Our ministry here is with Celebrate Jesus ministries – working and speaking in the church on Sundays, and helping out at the school through the week. Goshenland school is a Christian primary school. It’s fairly small, with less than 100 students. The students, though, are so precious, and we have fallen in love with them.

Our average weekday is 8-9 hours. In the morning we are doing physical labour, usually making bricks to lay over the dirt floor in the classrooms, or landscaping. In the afternoon we join the PE class. This is a school wide class (although by this time of day, many students have gone home to work, so we are down to between 30-50 students). Gym class lasts anywhere between 2-4 hours, and is pretty much running, running, jumping, and more running. Our role is sometimes to lead a game, or introduce a new activity, but usually we are just participants.

Which means I am back in gym class. Complete with the instructor calling you out in front of the entire group if you are not jumping high enough, running fast enough or stretching far enough. If we thought we got a bit of break because we are adults, or because we are guests, or for any other reason…we were wrong. I’m back in high school.

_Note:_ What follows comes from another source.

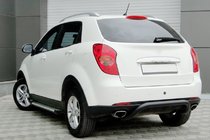 SsangYong Korando 2010–2019 Bakre skyddsbåge AK006 Black (rostfritt stål) foto 1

We are thoroughly exhausted by the end of every day. We get home, eat dinner, have team time, and crash. And sometimes I am lying in bed by 9pm, sunburnt, wondering if I have heat stroke, sore, stiff and absolutely exhausted, and I wonder why I do it. We all realize that we’re not supermen. So why do we go every day to do physical labour, to run around, to play with children? I mean, with days like this, nobody would put up a fuss if I took an extra rest day other than our Mondays we have off. So why do I still get up every morning and give it my all?

Its not only because I can finally work off some of the ugali, rice and potatoes that we eat on a daily basis here. It is because this is where I find God.

I see Jesus in the eyes of the child taking me by the hand to teach me a new game. I learn about my faithful God when I pray in the morning to find joy in the physical labour, and have an absolute blast packing concrete into moulds. I see God in the details when we meet a British woman at a restaurant during lunch, and three days later she shows up at the school with Gideons Bibles for every student in the school. I see the handiwork of the creator in every bird and tree on the property, and in the beauty and the laughter of the children. I am learning that God gives me enough energy to make it around the circle one last time. And that my loving, caring Father is better than any sports massage for sore muscles.

God has put me in a place of physical labour, playing with children, and gym class. If you had told me last month what was ahead of me, I would have told you that this was the worst possible month for me. But, surprisingly, I am loving this month. I am challenged in so many ways – physically and spiritually, and it is so good.  

Because, once again, when you leave your comfort zone and put yourself in a place where you NEED God, and cannot finish the day ahead without his help, then that is when you grow the most.

I think I am learning more in gym class now than I ever did in high school.